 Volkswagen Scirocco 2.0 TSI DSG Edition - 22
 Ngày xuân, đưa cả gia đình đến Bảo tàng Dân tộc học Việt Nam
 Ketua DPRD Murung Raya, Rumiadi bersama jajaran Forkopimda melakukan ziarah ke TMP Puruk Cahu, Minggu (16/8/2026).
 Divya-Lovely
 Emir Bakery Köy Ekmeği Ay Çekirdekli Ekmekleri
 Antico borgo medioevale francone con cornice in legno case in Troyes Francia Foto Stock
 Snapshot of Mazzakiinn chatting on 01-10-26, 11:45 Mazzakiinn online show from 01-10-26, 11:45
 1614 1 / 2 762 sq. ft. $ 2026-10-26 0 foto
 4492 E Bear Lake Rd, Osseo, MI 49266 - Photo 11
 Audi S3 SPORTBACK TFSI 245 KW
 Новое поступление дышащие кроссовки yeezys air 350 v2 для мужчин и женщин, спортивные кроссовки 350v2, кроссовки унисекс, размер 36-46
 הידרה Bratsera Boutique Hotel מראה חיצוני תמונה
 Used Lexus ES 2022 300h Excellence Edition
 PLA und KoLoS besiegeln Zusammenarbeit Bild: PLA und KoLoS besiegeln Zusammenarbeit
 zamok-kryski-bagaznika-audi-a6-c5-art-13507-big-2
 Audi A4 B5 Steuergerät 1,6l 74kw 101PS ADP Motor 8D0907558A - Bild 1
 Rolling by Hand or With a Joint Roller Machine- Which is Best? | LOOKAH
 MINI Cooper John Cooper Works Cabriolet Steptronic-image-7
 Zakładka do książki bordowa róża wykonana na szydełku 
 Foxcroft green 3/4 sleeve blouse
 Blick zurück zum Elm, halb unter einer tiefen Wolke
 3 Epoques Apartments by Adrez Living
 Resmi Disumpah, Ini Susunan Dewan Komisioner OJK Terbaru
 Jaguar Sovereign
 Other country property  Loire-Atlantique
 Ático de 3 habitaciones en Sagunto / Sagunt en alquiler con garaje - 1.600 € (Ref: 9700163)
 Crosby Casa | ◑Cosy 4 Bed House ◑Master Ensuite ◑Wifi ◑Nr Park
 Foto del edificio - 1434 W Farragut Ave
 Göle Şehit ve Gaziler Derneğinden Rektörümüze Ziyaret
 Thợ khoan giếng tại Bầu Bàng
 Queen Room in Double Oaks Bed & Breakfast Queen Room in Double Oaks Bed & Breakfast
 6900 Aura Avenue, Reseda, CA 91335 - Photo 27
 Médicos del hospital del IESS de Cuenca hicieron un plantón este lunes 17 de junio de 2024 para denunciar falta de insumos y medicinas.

What you will do => Could you print every record above exactly as it appears?

Result of the task =>
 Volkswagen Scirocco 2.0 TSI DSG Edition - 22
 Ngày xuân, đưa cả gia đình đến Bảo tàng Dân tộc học Việt Nam
 Ketua DPRD Murung Raya, Rumiadi bersama jajaran Forkopimda melakukan ziarah ke TMP Puruk Cahu, Minggu (16/8/2026).
 Divya-Lovely
 Emir Bakery Köy Ekmeği Ay Çekirdekli Ekmekleri
 Antico borgo medioevale francone con cornice in legno case in Troyes Francia Foto Stock
 Snapshot of Mazzakiinn chatting on 01-10-26, 11:45 Mazzakiinn online show from 01-10-26, 11:45
 1614 1 / 2 762 sq. ft. $ 2026-10-26 0 foto
 4492 E Bear Lake Rd, Osseo, MI 49266 - Photo 11
 Audi S3 SPORTBACK TFSI 245 KW
 Новое поступление дышащие кроссовки yeezys air 350 v2 для мужчин и женщин, спортивные кроссовки 350v2, кроссовки унисекс, размер 36-46
 הידרה Bratsera Boutique Hotel מראה חיצוני תמונה
 Used Lexus ES 2022 300h Excellence Edition
 PLA und KoLoS besiegeln Zusammenarbeit Bild: PLA und KoLoS besiegeln Zusammenarbeit
 zamok-kryski-bagaznika-audi-a6-c5-art-13507-big-2
 Audi A4 B5 Steuergerät 1,6l 74kw 101PS ADP Motor 8D0907558A - Bild 1
 Rolling by Hand or With a Joint Roller Machine- Which is Best? | LOOKAH
 MINI Cooper John Cooper Works Cabriolet Steptronic-image-7
 Zakładka do książki bordowa róża wykonana na szydełku 
 Foxcroft green 3/4 sleeve blouse
 Blick zurück zum Elm, halb unter einer tiefen Wolke
 3 Epoques Apartments by Adrez Living
 Resmi Disumpah, Ini Susunan Dewan Komisioner OJK Terbaru
 Jaguar Sovereign
 Other country property  Loire-Atlantique
 Ático de 3 habitaciones en Sagunto / Sagunt en alquiler con garaje - 1.600 € (Ref: 9700163)
 Crosby Casa | ◑Cosy 4 Bed House ◑Master Ensuite ◑Wifi ◑Nr Park
 Foto del edificio - 1434 W Farragut Ave
 Göle Şehit ve Gaziler Derneğinden Rektörümüze Ziyaret
 Thợ khoan giếng tại Bầu Bàng
 Queen Room in Double Oaks Bed & Breakfast Queen Room in Double Oaks Bed & Breakfast
 6900 Aura Avenue, Reseda, CA 91335 - Photo 27
 Médicos del hospital del IESS de Cuenca hicieron un plantón este lunes 17 de junio de 2024 para denunciar falta de insumos y medicinas.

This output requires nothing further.